Full type stubs are included in the package (`.pyi` files) for IDE autocompletion and mypy.

---

## Building from source

Requires Rust >= 1.70 and [maturin](https://github.com/PyO3/maturin):

```bash
pip install maturin
cd bindings/python
maturin develop            # debug build
maturin develop --release  # optimized build
```

## Using in Pyodide (browser / WebAssembly)

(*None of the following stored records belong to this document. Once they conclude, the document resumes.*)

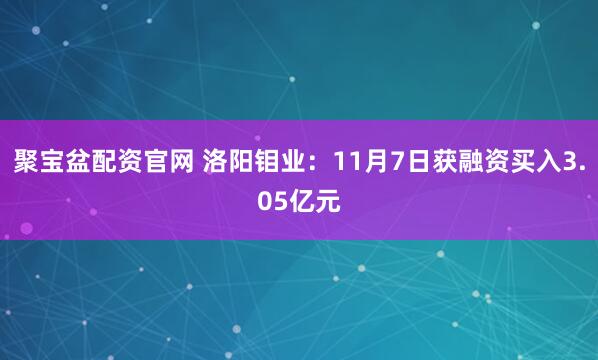 聚宝盆配资官网 洛阳钼业：11月7日获融资买入3.05亿元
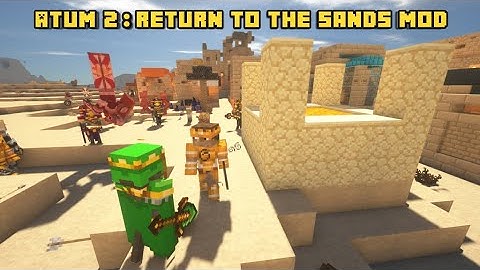 Minecraft 1.16.5 - Atum 2 : Return to the Sands Mod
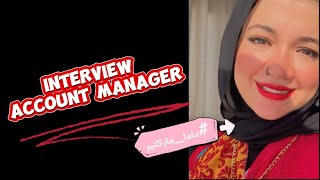 Account Manager Interview 📌 [upl. by Haywood]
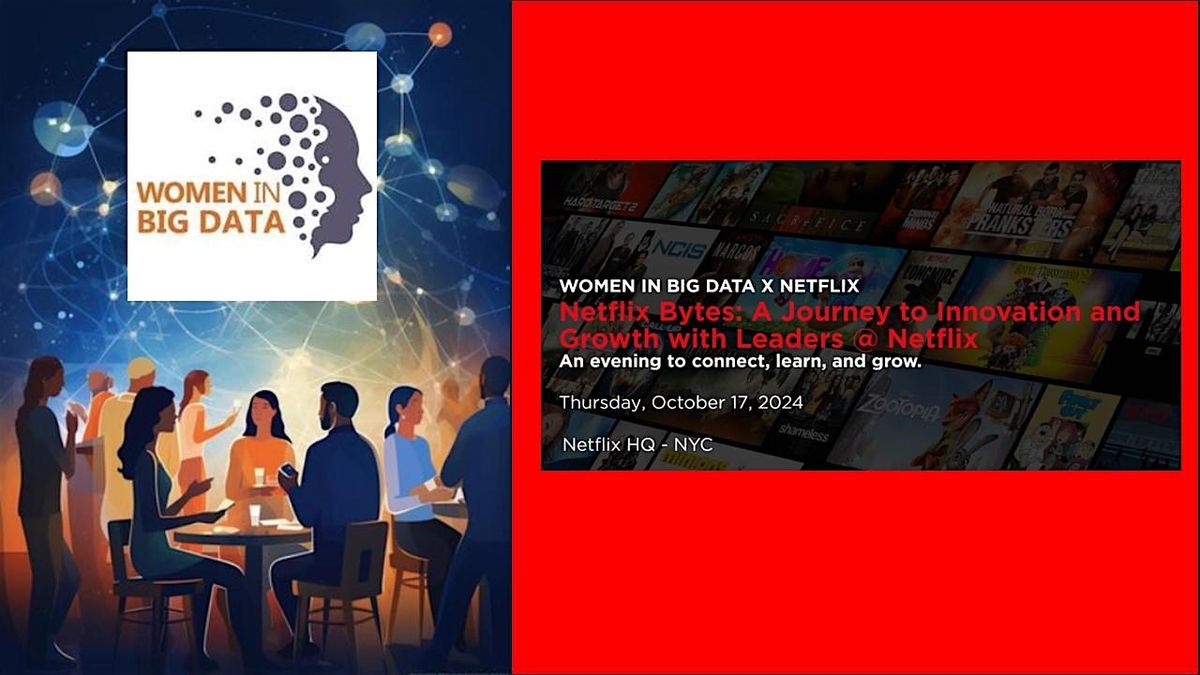 NYC - Women in Big Data & NETFLIX Networking Event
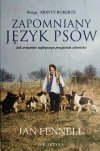 ZAPOMNIANY JĘZYK PSÓW - Jan Fennell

`formualizer` ships a Pyodide-tagged wheel (`*-pyodide_<abi>_wasm32.whl`) alongside the native wheels on PyPI. Inside a Pyodide runtime:

```python
import micropip
await micropip.install("formualizer")

import formualizer as fz
wb = fz.Workbook()
wb.add_sheet("Sheet1")
wb.set_value("Sheet1", 1, 1, 20)
wb.set_value("Sheet1", 2, 1, 22)
wb.set_formula("Sheet1", 1, 2, "=SUM(A1:A2)")
wb.evaluate_cell("Sheet1", 1, 2)  # -> 42.0
```

**Supported Pyodide versions:** 0.29.x (ABI `pyodide_2025_0`). Later minors may require a new wheel — check the PyPI release matrix for your target Pyodide version.

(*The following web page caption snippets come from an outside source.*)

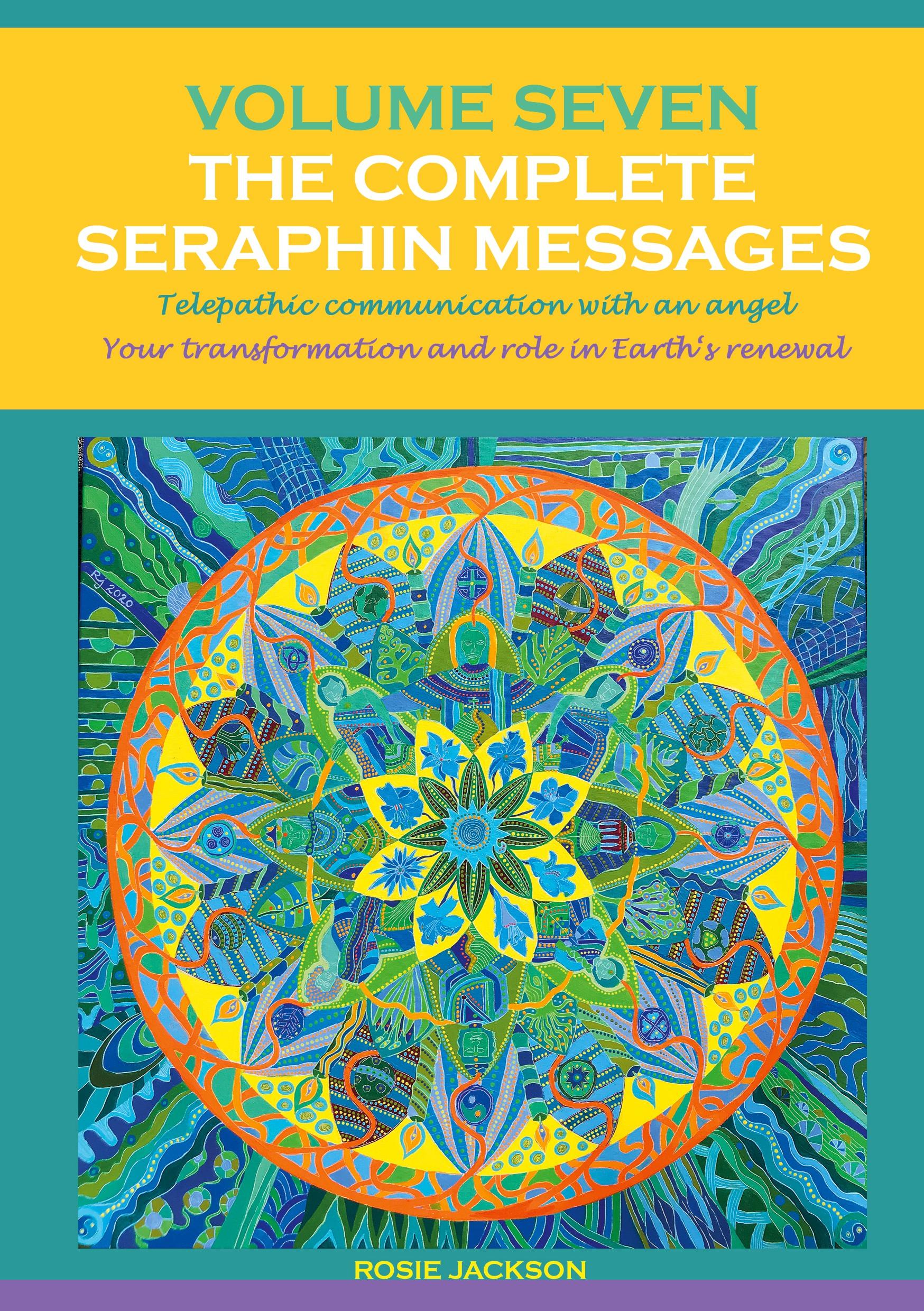 Vorderes Coverbild Volume 7 THE COMPLETE SERAPHIN MESSAGES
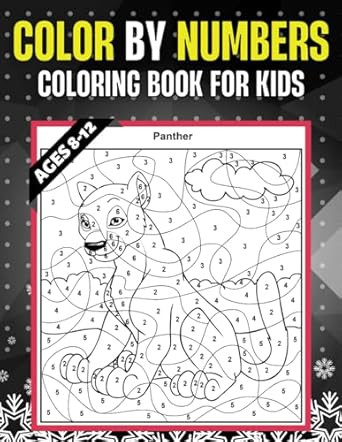 Color By Numbers Coloring Book For Kids Ages 8-12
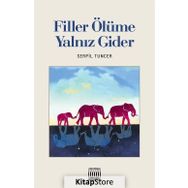 Filler Ölüme Yalnız Gider - Serpil Tuncer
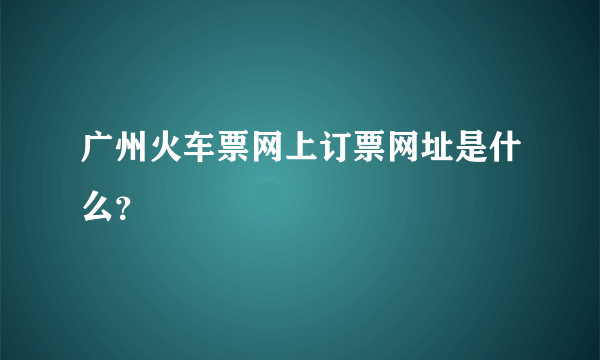 广州火车票网上订票网址是什么？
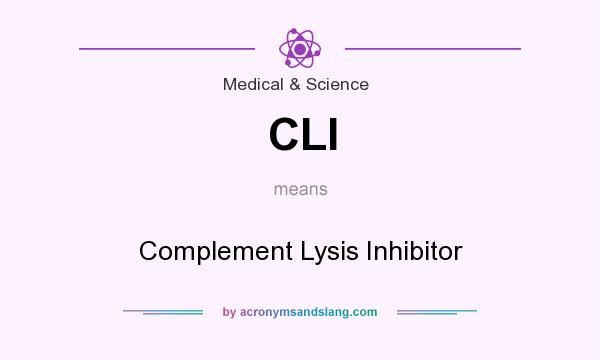 What does CLI mean? It stands for Complement Lysis Inhibitor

**Pyodide-specific behavior:**
- `EvaluationConfig()` and `Workbook()` default `enable_parallel = False` on `sys.platform == "emscripten"` (Pyodide has no threads). You can still opt in, but it falls back to single-threaded execution.
- XLSX byte I/O (`Workbook.to_xlsx_bytes`, `Workbook.from_bytes`, `load_workbook_bytes`) uses the `umya` backend on all platforms.
- Python UDFs registered via `Workbook.register_function` work identically to native; single-cell refs arrive as scalars (Excel-native semantics).

### Building a Pyodide wheel from source

For local development or targeting a Pyodide version that isn't on PyPI:

```bash
./scripts/build-pyodide-wheel.sh
./scripts/smoke-pyodide-wheel.sh dist/pyodide/*-pyodide_*_wasm32.whl
```

The build script derives Python, ABI, Emscripten, and Rust toolchain from `pyodide config` (no hardcoded versions), installs Pyodide's custom wasm-EH Rust sysroot over the stock rustup target, and retags the output wheel to the platform tag Pyodide's `micropip` expects.

## Testing

```bash
pip install formualizer[dev]
pytest bindings/python/tests
ruff check bindings/python
mypy bindings/python/formualizer
```

## Workspace layout

```
formualizer/
  crates/                    # Rust core (parse, eval, workbook, sheetport)
  bindings/python/
    formualizer/             # Python package (helpers, visitor, type stubs)
    src/                     # PyO3 bridge (Rust -> Python)
```

The Python wheel links directly against the Rust crates — there is no runtime FFI overhead beyond the initial C-to-Rust boundary.

## License

Dual-licensed under [MIT](../../LICENSE-MIT) or [Apache-2.0](../../LICENSE-APACHE), at your option.